今回の旅行の目的は、一つは次郎さんの茶室を訪ねること、二つ目はポスト河合の自分の心境と最近の自分の心理臨床のスタンスをシュピーゲルマン先生に報告すること、三つ目はロサンゼルス滞在中にお世話に会なった人々に、もしかしたら最後のお別れになるので、お礼のご挨拶をすることであった。
次郎さんの茶室は外観はまるでホームレスの小屋だが、良く見ると心憎いほど丁寧な作りになっている。内部は心落ち着くところであった。次郎さんの筆になる掛け軸「随處作主」があって床柱が良かった。そこでお抹茶をいただいた。
お茶の後、ロサンゼルスへ向け出発した。
シュピーゲルマン先生は84,5歳で、歳をとって見えたが、わかりの良さと鋭さは相変わらずで、元気だった。私の前にも後にも面接が入っていたようである。自分のことを話し、シンクロニシティの起こりやすい心理臨床になったことを事例で報告して外に出たら、後、旅の目的が果たせたような感じになり、空白な心になってしまった。
その空っぽの心のままチャイナタウンに行き、おもちゃ屋で時間をつぶし、幸子さんがセットしてくださったパーティに行った。
そこには幸子さん初め私がお世話になった方々が集まられた。私が来るというので幸子さんの呼びかけで私が会いたい人が全部都合をつけて集まってくださった。私はお世話になって今も忘れずにいてくださるありがたい気持ちに感謝して、新たに人々とのつながりを確かめることができた。

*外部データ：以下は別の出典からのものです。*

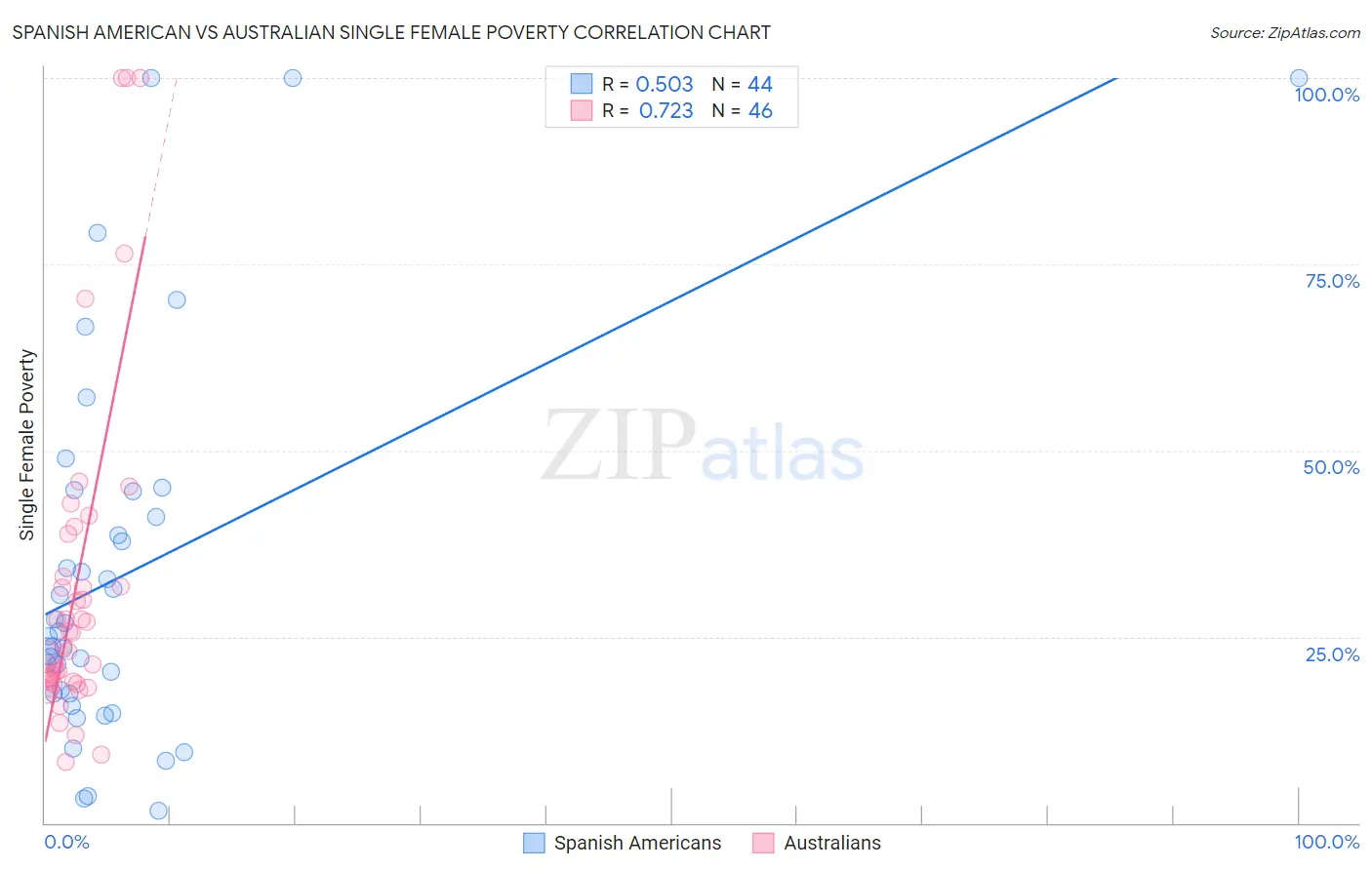 Spanish American vs Australian Single Female Poverty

ロサンゼルスの皆さんはとても元気で、特に、きよこさんは日本人のための「いのちの電話」を立ち上げ、今やっと朝10時から午後6時までの対応をすることができるようになったと言われた。ボランティアの仕事であるが、困っている人々の役に立っているという存在感に支えられた元気さが伝わってきた。一昨年体を悪くされたヨシさんも毎日5キロ歩けるようになり、日本の若いソーシャルワーカーとも交流してやって行きたいと意欲的であった。
Northridge大学でお世話になった目幸先生もお元気であった。
私は帰国して家に落ち着いてから、私はロサンゼルスでこのような人々と出会い、その出会いに支えられて今の心理臨床があるのではないか、今の良い出会いのための心理面接はここから大きく動き始めたという思いが強くなった。良い出会いは特に京都に行ってから始まったのだが、ロサンゼルスでその花が開いていたように思った。シュピーゲルマン先生に初めてお会いしたとき着いて3週間くらい経っていた。先生は会うなり来るのが遅いではないか、今までどうしていた!とおっしゃった。先生は私が来るのを待っていられたのだ。これがロサンゼルスでの良い出会いの始まりだった。
今回の旅の目的はどうやらこのことの確認だったように思う。これは私の無意識のこころの計らいであろう。旅には意識的な目的と無意識の計らいの目的があるようだ。